INPUT DATA.
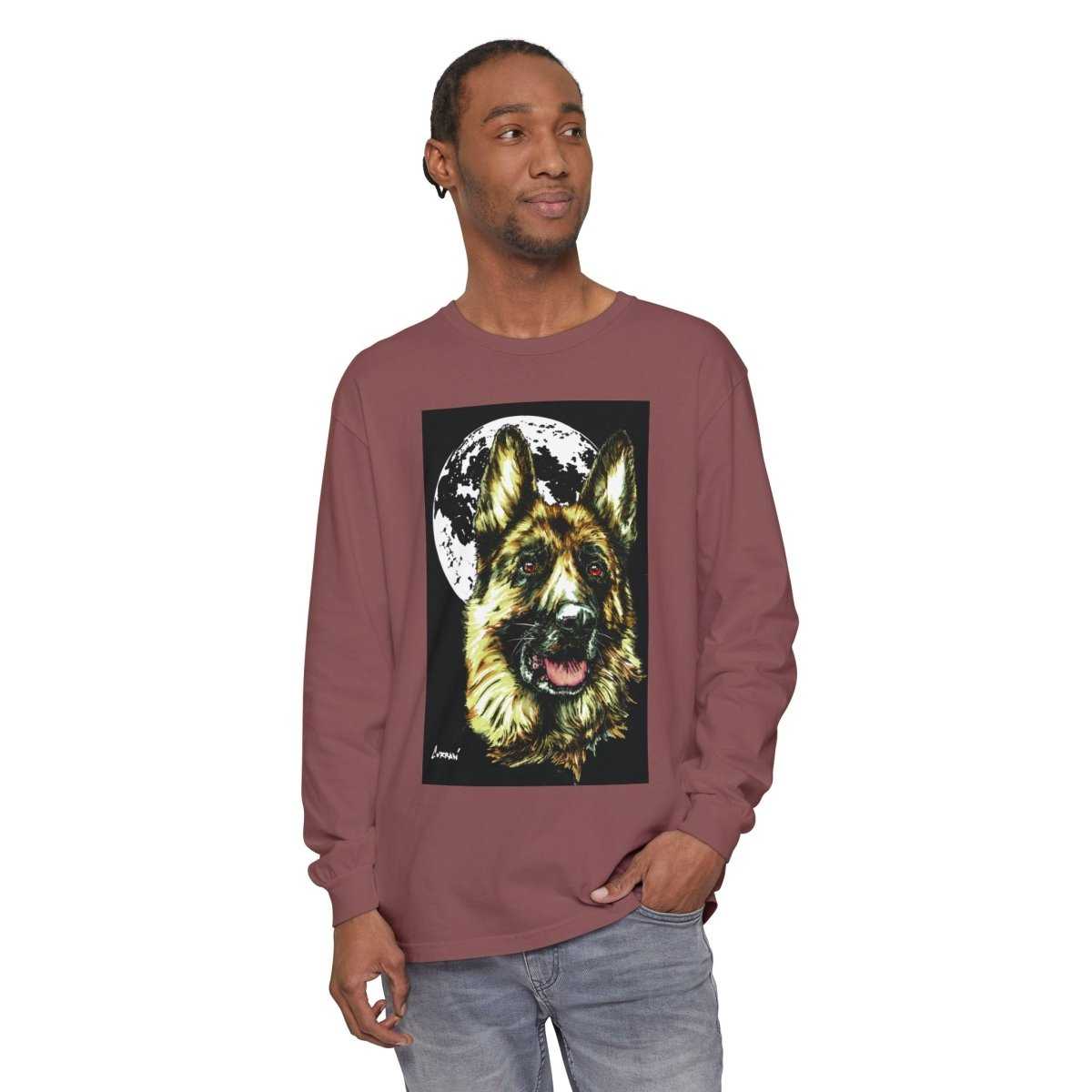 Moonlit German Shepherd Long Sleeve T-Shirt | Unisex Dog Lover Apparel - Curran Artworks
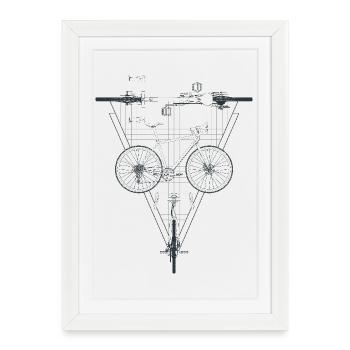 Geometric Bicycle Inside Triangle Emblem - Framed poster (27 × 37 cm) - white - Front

--

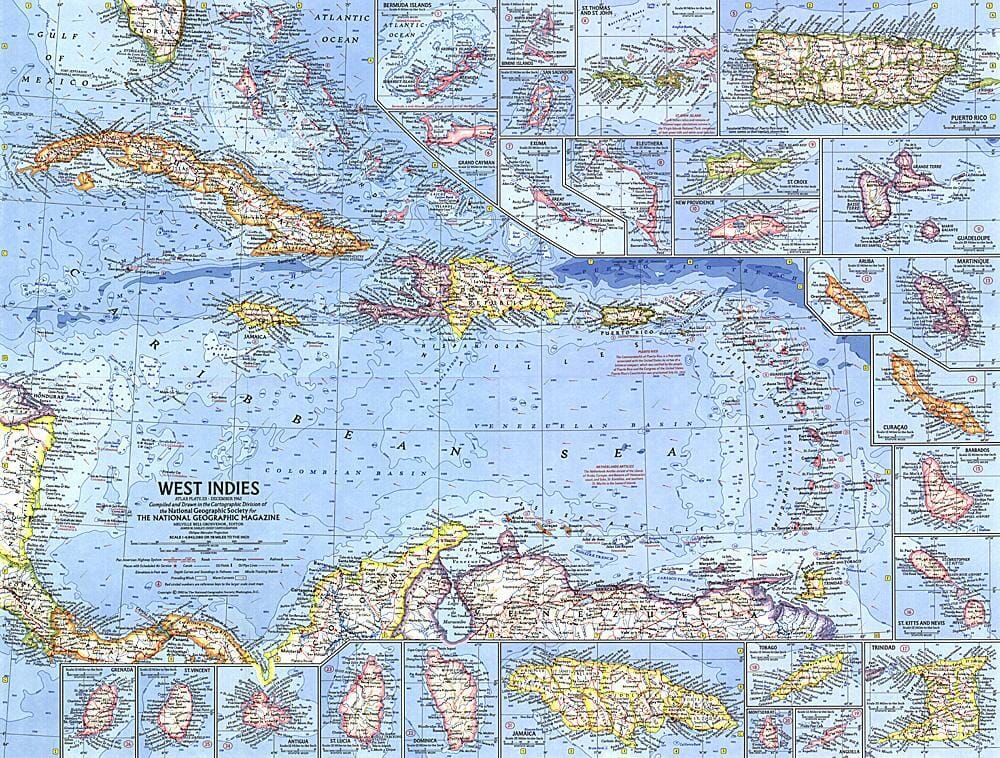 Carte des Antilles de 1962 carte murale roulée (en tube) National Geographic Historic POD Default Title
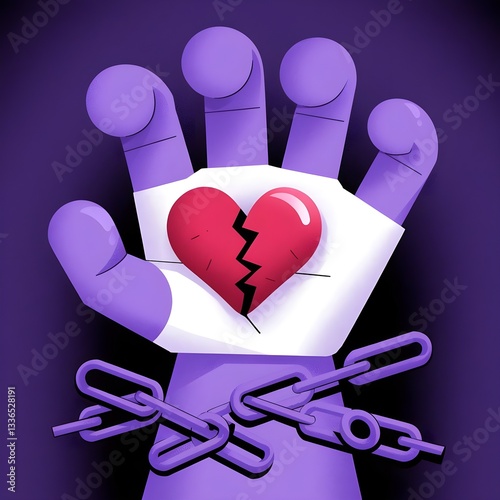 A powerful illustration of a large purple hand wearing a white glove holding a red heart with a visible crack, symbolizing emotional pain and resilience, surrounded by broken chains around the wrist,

--

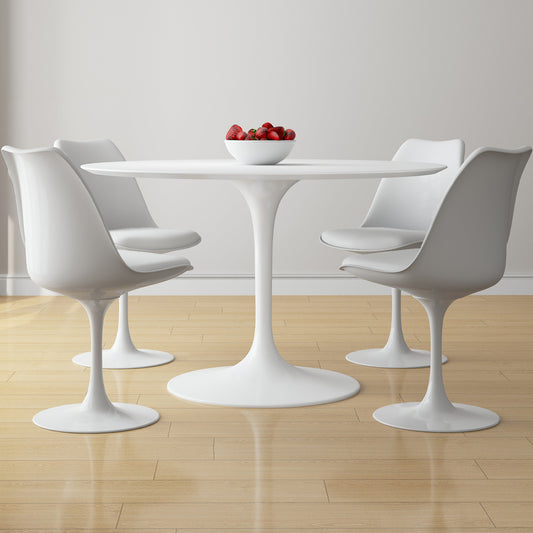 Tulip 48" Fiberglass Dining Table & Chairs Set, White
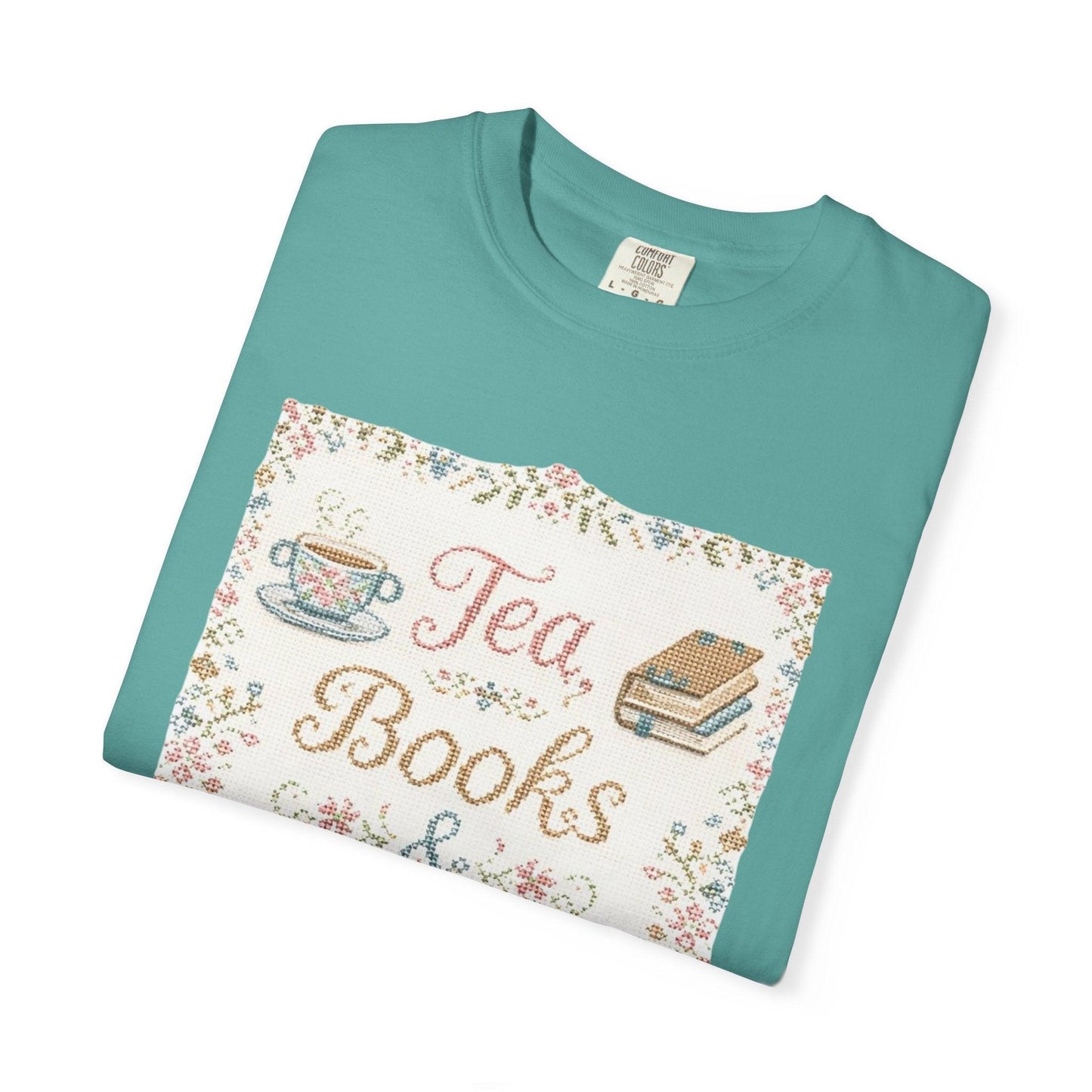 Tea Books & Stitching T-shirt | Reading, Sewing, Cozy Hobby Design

AIM OF THE EXERCISE. Set the pictures aside and transcribe exactly the stretch of lines above, beginning with the one holding "Carte des Antilles" and ending with the one holding "A powerful illustration".

RESPONSE BOX.
 Carte des Antilles de 1962 carte murale roulée (en tube) National Geographic Historic POD Default Title
 A powerful illustration of a large purple hand wearing a white glove holding a red heart with a visible crack, symbolizing emotional pain and resilience, surrounded by broken chains around the wrist,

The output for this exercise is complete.